- [TASK] Return exactly the span that opens with the line containing "ترتيب أثاث المنزل بحسب توزيع الألوان" and closes with the final line of the records, both included.

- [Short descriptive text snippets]
----

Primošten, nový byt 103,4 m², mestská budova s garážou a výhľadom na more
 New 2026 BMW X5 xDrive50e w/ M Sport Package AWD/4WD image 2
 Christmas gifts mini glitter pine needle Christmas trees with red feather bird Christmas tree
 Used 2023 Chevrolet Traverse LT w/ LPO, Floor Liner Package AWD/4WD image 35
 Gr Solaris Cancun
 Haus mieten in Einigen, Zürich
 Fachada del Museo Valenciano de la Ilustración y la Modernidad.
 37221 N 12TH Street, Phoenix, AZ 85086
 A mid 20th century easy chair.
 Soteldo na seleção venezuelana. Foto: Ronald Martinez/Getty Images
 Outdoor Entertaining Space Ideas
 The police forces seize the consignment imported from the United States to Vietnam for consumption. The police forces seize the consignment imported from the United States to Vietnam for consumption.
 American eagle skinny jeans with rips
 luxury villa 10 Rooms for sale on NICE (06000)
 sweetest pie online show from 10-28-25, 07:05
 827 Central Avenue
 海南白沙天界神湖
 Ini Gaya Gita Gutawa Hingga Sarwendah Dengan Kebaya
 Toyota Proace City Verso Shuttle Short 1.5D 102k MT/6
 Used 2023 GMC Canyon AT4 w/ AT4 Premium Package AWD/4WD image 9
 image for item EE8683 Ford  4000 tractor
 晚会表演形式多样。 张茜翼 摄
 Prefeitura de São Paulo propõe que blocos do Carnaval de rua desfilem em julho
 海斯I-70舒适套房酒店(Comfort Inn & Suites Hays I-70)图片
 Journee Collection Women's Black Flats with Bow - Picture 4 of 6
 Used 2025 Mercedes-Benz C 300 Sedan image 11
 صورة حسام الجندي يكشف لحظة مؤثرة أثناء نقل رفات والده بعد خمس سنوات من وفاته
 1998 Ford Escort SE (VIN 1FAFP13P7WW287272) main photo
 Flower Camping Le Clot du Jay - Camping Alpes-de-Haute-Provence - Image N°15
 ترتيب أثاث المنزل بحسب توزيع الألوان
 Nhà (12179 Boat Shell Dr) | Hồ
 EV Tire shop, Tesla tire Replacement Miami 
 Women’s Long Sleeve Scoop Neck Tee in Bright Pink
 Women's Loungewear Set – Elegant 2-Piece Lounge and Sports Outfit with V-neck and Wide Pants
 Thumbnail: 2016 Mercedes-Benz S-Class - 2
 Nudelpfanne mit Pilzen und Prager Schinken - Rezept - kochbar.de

----

- [EXERCISE SOLUTION]
 ترتيب أثاث المنزل بحسب توزيع الألوان
 Nhà (12179 Boat Shell Dr) | Hồ
 EV Tire shop, Tesla tire Replacement Miami 
 Women’s Long Sleeve Scoop Neck Tee in Bright Pink
 Women's Loungewear Set – Elegant 2-Piece Lounge and Sports Outfit with V-neck and Wide Pants
 Thumbnail: 2016 Mercedes-Benz S-Class - 2
 Nudelpfanne mit Pilzen und Prager Schinken - Rezept - kochbar.de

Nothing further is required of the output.